## EXERCISE MATERIAL
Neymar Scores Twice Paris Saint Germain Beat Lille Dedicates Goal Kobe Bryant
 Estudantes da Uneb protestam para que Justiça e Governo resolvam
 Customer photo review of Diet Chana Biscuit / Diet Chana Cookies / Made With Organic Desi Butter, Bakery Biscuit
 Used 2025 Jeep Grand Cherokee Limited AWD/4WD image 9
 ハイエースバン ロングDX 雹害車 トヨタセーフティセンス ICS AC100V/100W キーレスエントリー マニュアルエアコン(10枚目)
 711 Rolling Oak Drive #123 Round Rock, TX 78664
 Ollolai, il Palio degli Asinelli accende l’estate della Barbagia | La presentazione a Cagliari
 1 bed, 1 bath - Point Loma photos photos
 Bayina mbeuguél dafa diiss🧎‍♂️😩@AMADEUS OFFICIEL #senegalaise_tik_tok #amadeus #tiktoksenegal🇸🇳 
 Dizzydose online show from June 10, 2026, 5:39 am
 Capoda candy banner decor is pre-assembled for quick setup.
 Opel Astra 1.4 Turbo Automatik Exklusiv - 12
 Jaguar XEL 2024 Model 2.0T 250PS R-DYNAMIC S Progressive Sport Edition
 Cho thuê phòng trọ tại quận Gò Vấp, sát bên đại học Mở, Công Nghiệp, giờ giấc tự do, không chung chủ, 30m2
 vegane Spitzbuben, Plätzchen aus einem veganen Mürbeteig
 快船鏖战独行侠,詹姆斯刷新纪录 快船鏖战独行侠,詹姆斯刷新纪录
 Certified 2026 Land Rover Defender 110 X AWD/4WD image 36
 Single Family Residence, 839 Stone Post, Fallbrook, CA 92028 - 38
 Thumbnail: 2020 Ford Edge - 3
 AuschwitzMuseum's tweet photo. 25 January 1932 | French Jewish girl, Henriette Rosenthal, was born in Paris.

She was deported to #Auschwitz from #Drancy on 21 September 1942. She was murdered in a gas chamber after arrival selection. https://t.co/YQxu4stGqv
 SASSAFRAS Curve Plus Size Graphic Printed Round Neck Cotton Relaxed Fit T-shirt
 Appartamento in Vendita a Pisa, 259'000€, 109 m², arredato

## INSTRUCTIONS TO FOLLOW
Everything from the line with "711 Rolling Oak" through the line with "Opel Astra 1.4 Turbo Automatik Exklusiv - 12" should be written out exactly as it appears above, end lines included, and nothing outside that range.

## YOUR SOLUTION
 711 Rolling Oak Drive #123 Round Rock, TX 78664
 Ollolai, il Palio degli Asinelli accende l’estate della Barbagia | La presentazione a Cagliari
 1 bed, 1 bath - Point Loma photos photos
 Bayina mbeuguél dafa diiss🧎‍♂️😩@AMADEUS OFFICIEL #senegalaise_tik_tok #amadeus #tiktoksenegal🇸🇳 
 Dizzydose online show from June 10, 2026, 5:39 am
 Capoda candy banner decor is pre-assembled for quick setup.
 Opel Astra 1.4 Turbo Automatik Exklusiv - 12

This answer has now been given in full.